Trait BiEncoder

Source

pub trait BiEncoder: Send + Sync {
    // Required methods
    fn text_encoder(&self) -> &dyn TextEncoder;
    fn label_encoder(&self) -> &dyn LabelEncoder;
    fn encode_and_match(
        &self,
        text: &str,
        labels: &[&str],
        max_span_width: usize,
    ) -> Result<Vec<SpanLabelScore>>;
}

Expand description

Bi-encoder architecture combining text and label encoders.

§Motivation

The bi-encoder architecture treats NER as a matching problem rather than a classification problem. It encodes text spans and entity labels separately, then computes similarity scores to determine matches.
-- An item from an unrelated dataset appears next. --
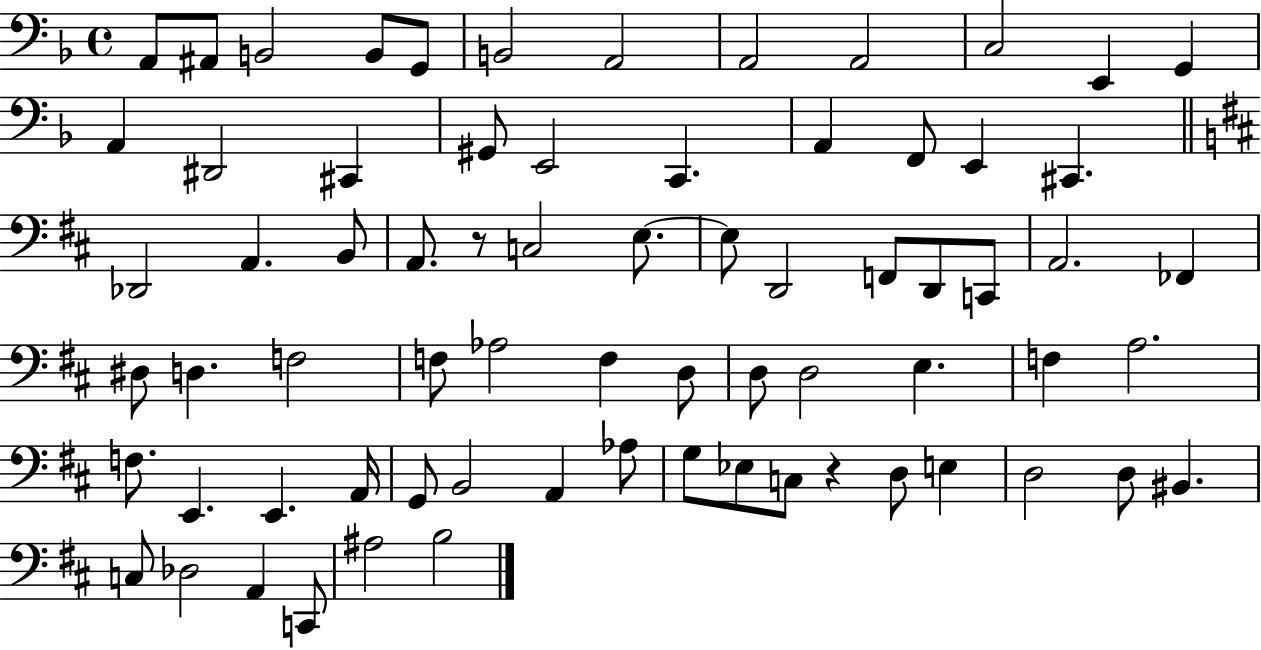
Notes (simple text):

A2/e A#2/e B2/h B2/e G2/e B2/h A2/h A2/h A2/h C3/h E2/q G2/q A2/q D#2/h C#2/q G#2/e E2/h C2/q. A2/q F2/e E2/q C#2/q. Db2/h A2/q. B2/e A2/e. R/e C3/h E3/e. E3/e D2/h F2/e D2/e C2/e A2/h. FES2/q D#3/e D3/q. F3/h F3/e Ab3/h F3/q D3/e D3/e D3/h E3/q. F3/q A3/h. F3/e. E2/q. E2/q. A2/s G2/e B2/h A2/q Ab3/e G3/e Eb3/e C3/e R/q D3/e E3/q D3/h D3/e BIS2/q. C3/e Db3/h A2/q C2/e A#3/h B3/h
┌─────────────────┐         ┌─────────────────┐
│   Text Input    │         │  Label Desc.    │
│ "Steve Jobs"    │         │ "person name"   │
└────────┬────────┘         └────────┬────────┘
         │                           │
         ▼                           ▼
┌─────────────────┐         ┌─────────────────┐
│  TextEncoder    │         │  LabelEncoder   │
│  (ModernBERT)   │         │  (BGE-small)    │
└────────┬────────┘         └────────┬────────┘
         │                           │
         ▼                           ▼
┌─────────────────┐         ┌─────────────────┐
│ Span Embedding  │◄───────►│ Label Embedding │
│   [768]         │ cosine  │   [768]         │
└─────────────────┘ sim     └─────────────────┘
                     │
                     ▼
              Score: 0.92

§Trade-offs

Aspect	Bi-Encoder	Uni-Encoder
Entity types	Unlimited	Fixed at training
Inference speed	Faster (pre-compute labels)	Slower
Disambiguation	Harder (no label interaction)	Better
Generalization	Better to new types	Limited

§Research Alignment

From GLiNER: “GLiNER frames NER as a matching problem, comparing candidate spans with entity type embeddings.”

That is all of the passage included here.